(Extracted records)
★ ★ ★ ★ ★ ★ ★
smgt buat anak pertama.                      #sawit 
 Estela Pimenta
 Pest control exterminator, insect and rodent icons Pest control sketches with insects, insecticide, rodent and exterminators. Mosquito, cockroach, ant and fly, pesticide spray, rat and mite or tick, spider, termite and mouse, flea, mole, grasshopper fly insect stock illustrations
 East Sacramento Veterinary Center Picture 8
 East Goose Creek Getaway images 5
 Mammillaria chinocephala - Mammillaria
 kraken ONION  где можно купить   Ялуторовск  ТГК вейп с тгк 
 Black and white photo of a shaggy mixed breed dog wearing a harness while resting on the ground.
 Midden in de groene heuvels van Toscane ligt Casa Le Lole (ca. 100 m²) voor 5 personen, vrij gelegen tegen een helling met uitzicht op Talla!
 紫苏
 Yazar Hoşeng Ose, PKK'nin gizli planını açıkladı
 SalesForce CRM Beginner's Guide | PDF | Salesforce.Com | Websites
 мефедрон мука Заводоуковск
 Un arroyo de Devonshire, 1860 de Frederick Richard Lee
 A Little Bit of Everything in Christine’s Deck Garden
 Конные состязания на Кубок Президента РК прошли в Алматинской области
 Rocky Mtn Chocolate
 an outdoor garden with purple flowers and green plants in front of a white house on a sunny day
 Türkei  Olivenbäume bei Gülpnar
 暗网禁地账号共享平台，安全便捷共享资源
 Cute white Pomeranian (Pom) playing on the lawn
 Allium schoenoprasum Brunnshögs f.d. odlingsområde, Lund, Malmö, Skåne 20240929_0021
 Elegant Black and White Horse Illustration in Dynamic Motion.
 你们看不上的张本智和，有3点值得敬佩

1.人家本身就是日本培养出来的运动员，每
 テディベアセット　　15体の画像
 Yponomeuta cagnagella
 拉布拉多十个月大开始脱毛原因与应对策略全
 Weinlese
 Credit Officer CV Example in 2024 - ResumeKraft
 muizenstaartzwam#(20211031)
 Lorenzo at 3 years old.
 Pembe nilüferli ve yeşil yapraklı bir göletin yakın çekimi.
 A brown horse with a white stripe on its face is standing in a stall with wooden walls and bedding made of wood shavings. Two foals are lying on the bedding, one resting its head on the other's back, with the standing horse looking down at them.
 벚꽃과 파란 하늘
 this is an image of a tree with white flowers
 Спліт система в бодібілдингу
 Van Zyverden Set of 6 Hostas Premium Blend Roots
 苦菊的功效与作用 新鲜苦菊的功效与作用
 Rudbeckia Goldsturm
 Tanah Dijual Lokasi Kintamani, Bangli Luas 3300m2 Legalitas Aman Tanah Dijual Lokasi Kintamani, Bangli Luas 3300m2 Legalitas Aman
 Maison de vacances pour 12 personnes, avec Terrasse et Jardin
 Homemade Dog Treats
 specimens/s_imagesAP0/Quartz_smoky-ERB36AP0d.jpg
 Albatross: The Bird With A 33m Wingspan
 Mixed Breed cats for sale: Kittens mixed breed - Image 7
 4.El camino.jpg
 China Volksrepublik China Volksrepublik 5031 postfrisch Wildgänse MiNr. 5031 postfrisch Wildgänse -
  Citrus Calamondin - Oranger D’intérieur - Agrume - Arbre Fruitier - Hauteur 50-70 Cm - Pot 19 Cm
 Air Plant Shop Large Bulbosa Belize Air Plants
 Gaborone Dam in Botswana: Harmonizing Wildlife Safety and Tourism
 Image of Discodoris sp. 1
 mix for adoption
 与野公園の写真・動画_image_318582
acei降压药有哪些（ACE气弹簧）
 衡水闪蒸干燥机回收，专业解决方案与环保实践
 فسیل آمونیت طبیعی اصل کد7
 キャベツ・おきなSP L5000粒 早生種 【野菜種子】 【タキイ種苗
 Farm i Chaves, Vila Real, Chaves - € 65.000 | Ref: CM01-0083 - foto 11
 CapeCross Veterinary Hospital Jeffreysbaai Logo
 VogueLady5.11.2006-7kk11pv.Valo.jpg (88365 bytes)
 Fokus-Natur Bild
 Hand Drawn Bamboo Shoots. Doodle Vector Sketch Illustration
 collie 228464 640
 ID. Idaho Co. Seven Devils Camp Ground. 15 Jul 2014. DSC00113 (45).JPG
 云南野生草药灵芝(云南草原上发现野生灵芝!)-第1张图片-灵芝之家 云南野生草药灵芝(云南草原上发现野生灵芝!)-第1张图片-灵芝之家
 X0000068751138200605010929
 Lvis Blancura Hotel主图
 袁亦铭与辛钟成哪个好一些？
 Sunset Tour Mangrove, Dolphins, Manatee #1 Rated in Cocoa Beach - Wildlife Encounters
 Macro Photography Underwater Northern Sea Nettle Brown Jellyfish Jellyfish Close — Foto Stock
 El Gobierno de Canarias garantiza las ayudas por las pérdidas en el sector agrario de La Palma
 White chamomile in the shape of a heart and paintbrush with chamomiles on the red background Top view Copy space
★ ★ ★ ★ ★ ★ ★
The answer must consist of every line from the data that holds the string "Black".

> **Solution**:
 Black and white photo of a shaggy mixed breed dog wearing a harness while resting on the ground.
 Elegant Black and White Horse Illustration in Dynamic Motion.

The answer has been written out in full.